>> Inside your door.>> When Amazon launched Amazon Key last fall, delivering packages inside your very home, some said the e-commerce giant was maybe going too far. Undeterred, the company looked for a happy medium. Somewhere secure but not too personal, where you might keep your junk, the trunk.
>> I needed a few birthday presents for my daughter and thought this would be the perfect use because she won't find them and the packages won't get stolen from my doorstep.>> On Tuesday the company launched the service for Prime members in 37 cities. Reuters correspondent, Stephen Nellis.
>> This is part of a long running effort by Amazon to have customers get their packages delivered any way they want so that they can feel like they're safe from being swiped off their porch. Now Amazon doesn't like to talk about it, but we all know that package theft happens fairly regularly in some areas.
So the company has had lockers in urban settings like San Francisco and Seattle since 2011, where you can get your stuff delivered. Last fall, they debuted what was called Amazon Key, where you could have an internet-connected door lock and camera system, where the Amazon delivery person could actually slip the goods Inside your front door.

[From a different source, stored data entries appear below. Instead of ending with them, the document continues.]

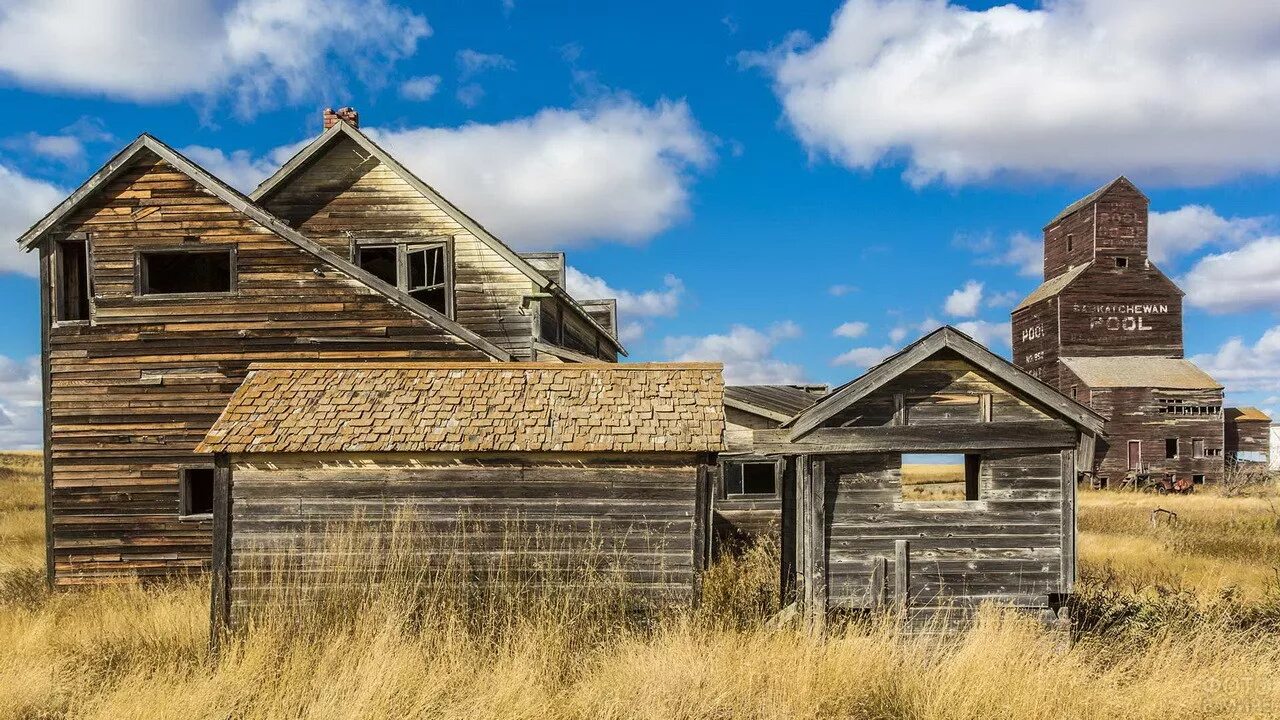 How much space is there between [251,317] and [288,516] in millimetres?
5555

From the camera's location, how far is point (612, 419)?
31.8ft

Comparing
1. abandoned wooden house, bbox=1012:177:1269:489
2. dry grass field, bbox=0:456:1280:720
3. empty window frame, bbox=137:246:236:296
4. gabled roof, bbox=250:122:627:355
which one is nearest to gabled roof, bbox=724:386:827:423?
gabled roof, bbox=250:122:627:355

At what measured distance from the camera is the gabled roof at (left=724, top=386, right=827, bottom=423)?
682 inches

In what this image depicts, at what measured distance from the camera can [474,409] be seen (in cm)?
992

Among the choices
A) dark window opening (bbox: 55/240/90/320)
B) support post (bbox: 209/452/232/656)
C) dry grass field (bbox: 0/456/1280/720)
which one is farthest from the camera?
dark window opening (bbox: 55/240/90/320)

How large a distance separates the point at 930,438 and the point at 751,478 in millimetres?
9384

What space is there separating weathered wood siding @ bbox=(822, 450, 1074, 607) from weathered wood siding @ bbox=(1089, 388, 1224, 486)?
1175 inches

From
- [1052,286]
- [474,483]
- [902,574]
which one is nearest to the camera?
[474,483]

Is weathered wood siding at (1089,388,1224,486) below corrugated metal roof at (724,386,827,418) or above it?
below

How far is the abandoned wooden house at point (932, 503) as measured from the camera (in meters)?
9.72

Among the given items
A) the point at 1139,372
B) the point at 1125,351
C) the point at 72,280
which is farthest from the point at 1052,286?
the point at 72,280

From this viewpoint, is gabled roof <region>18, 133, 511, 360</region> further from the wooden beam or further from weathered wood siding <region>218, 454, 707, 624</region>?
the wooden beam

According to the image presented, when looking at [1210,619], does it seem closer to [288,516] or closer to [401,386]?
[401,386]

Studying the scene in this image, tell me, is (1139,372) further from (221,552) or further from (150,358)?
(221,552) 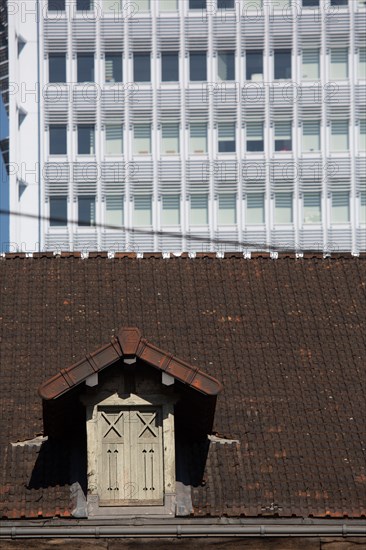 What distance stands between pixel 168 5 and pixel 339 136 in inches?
453

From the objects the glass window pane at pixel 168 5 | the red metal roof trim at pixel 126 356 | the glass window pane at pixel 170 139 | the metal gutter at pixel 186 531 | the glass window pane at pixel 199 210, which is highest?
the glass window pane at pixel 168 5

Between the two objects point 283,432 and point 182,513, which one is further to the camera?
point 283,432

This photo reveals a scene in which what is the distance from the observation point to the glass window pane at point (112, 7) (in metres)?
97.8

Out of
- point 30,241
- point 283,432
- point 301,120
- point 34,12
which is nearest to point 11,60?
point 34,12

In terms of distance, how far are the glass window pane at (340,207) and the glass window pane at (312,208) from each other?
31.6 inches

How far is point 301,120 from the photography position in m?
98.1

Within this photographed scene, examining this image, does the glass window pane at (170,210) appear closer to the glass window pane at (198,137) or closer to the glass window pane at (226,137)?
the glass window pane at (198,137)

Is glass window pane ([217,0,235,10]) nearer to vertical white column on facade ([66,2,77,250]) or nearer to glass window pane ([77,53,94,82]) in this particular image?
glass window pane ([77,53,94,82])

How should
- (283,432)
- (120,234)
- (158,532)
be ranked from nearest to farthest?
(158,532) < (283,432) < (120,234)

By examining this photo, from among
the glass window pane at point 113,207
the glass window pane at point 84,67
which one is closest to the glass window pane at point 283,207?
the glass window pane at point 113,207

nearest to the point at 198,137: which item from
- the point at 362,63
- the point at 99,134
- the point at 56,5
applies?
the point at 99,134

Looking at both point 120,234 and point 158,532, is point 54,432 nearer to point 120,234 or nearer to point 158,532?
point 158,532

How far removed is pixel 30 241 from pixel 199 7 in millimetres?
15438

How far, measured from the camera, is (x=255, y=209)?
320 feet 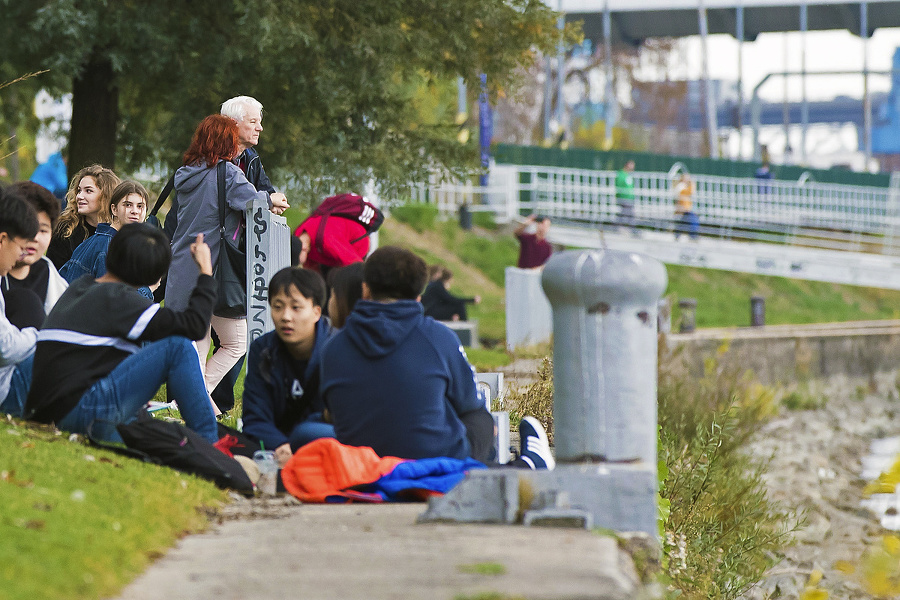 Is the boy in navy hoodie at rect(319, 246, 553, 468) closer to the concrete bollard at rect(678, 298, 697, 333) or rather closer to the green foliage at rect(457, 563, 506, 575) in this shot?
the green foliage at rect(457, 563, 506, 575)

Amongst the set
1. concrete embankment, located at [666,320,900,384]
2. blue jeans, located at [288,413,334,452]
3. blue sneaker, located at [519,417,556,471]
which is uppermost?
blue jeans, located at [288,413,334,452]

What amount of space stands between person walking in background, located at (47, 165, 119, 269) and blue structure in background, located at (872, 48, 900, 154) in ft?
166

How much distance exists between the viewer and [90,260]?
22.5 feet

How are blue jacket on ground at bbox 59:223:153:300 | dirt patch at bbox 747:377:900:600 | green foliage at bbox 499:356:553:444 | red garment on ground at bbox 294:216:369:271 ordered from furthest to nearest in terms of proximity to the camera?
dirt patch at bbox 747:377:900:600, red garment on ground at bbox 294:216:369:271, green foliage at bbox 499:356:553:444, blue jacket on ground at bbox 59:223:153:300

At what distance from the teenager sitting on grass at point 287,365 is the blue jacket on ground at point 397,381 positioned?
49cm

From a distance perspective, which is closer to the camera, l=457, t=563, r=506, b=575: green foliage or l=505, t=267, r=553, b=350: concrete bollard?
l=457, t=563, r=506, b=575: green foliage

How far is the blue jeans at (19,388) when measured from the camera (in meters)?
5.40

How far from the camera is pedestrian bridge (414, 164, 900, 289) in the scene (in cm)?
2553

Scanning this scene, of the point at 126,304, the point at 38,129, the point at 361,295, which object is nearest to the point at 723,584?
the point at 361,295

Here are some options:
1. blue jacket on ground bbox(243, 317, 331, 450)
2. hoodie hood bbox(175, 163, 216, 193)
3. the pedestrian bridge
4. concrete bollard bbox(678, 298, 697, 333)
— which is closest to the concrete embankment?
concrete bollard bbox(678, 298, 697, 333)

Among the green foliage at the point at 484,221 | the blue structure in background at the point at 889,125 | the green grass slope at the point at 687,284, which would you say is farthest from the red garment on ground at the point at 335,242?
the blue structure in background at the point at 889,125

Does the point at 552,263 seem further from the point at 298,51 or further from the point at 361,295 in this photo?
the point at 298,51

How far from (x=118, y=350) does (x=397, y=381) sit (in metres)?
1.27

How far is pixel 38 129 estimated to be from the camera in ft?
50.3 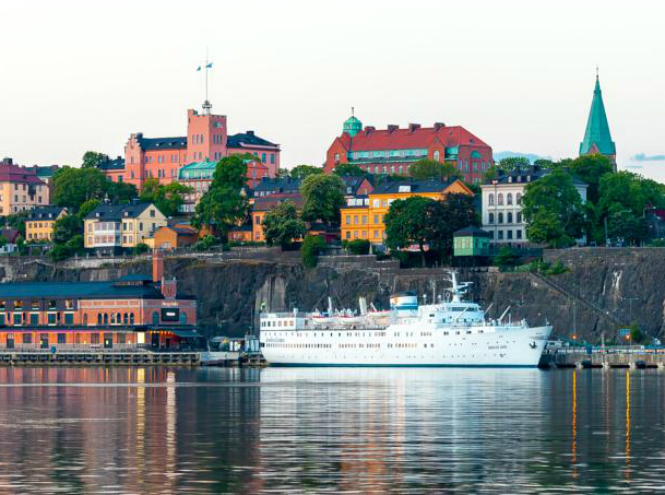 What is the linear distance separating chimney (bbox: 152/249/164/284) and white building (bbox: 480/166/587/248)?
32604mm

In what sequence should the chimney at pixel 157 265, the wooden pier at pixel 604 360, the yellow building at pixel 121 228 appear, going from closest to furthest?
1. the wooden pier at pixel 604 360
2. the chimney at pixel 157 265
3. the yellow building at pixel 121 228

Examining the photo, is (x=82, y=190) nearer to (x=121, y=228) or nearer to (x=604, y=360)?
(x=121, y=228)

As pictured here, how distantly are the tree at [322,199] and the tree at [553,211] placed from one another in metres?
23.7

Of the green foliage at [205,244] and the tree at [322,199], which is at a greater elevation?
the tree at [322,199]

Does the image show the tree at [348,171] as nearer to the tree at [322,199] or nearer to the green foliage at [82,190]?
the tree at [322,199]

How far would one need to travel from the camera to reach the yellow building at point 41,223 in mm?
188500

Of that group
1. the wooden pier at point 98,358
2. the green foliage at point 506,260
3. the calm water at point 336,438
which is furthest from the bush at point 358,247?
the calm water at point 336,438

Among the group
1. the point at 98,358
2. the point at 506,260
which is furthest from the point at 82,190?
the point at 506,260

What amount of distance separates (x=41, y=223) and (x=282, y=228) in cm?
4271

Now that's not for everybody. Some people might have concerns about letting anybody they don't know inside their house. The car gives Amazon a nice intermediate option and the really good thing for Amazon is that in terms of reach, this is pretty good because millions of people have cars that can work with the system And it doesn't cost anything if you're a Prime member.
You just download an app and set it up.>> The service works with compatible cars by GM and Volvo. It taps the car's built-in unlock feature. An Amazon executive said the company cannot see or track the customer's car. Shoppers also get mobile reminders before, during and after delivery.